Craig Rayner, president, integrated drug development and strategic consulting services, Certara

The recent failure of the HIV drugs lopinavir and ritonavir to demonstrate any statistical benefit as compared with standard of care should be seen in that context. The therapy was simply administered too late to have any effect, said Steven Kern, deputy director of quantitative sciences at the Gates Foundation. “One of the messages that comes right away is that the patients’ viral load was already declining at the point at which they were treated with antiviral therapy,” he said. “So that begs the question are we starting this therapeutic too late in the clinical course to actually see its effectiveness – and, if we are, then there’s a need to get effective concentrations quickly established in patients.” In HIV patients, it takes three to four days of dosing to reach a steady state. COVID-19 patients do not have that amount of time. Kern suggested an up-front loading dose may be needed to block viral replication.
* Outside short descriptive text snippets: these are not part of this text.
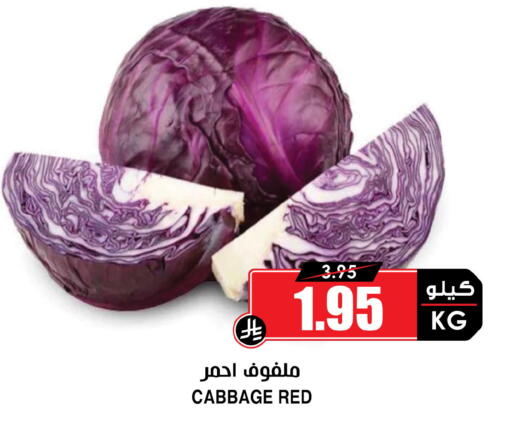 Cabbage available at Prime Supermarket in KSA, Saudi Arabia, Saudi - Sakaka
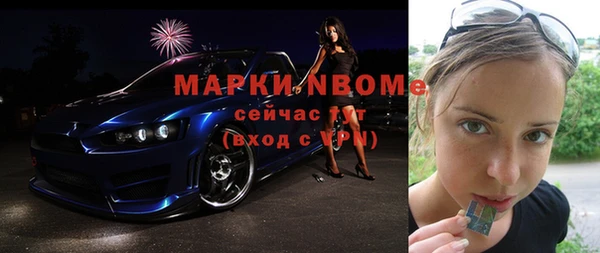 первитин Алексин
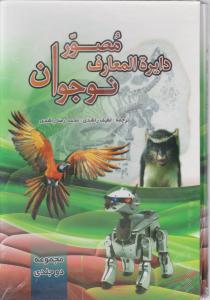 چهره خوانی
Dosing is likely to undermine the case entirely for Merck & Co. Inc.’s anti-parasitic drug, ivermectin, which has long been used to treat river blindness (and which yielded Nobel prizes in 2015 for its co-developers William Campbell and Satoshi Omura). A group of scientists in Australia recently reported that a single dose of the drug attained a 5,000-fold reduction in SARS-CoV-2 RNA in cell culture after 48 hours and called for its consideration in treating COVID-19.

Steven Kern, deputy director, quantitative sciences, Gates Foundation
Although the study gained a lot of attention – and prompted Montpelier, France-based Medincell SA to pursue the development of a long-acting version of the drug – the dose used, when modeled for lung tissue exposure, is far in excess of what is used in clinical practice. “The typical therapeutic profile is 20-fold lower than the necessary IC50 value that’s required to block the viral replication,” Kern said.

Drug development for COVID-19 will have to proceed at a far quicker pace than has been the norm. “The traditional drug development cycle measures time in years,” Rayner said. “Our need for therapeutics for COVID is measured in a very different time scale – it’s the nightly news reports of infections and deaths that we’re hearing.” Making progress will require agility, the use of advanced data science and parallel development strategies. Most of all, it will require an embrace of ambiguity and uncertainty. “The weakest link in developing therapeutics during a pandemic is dogma,” he said.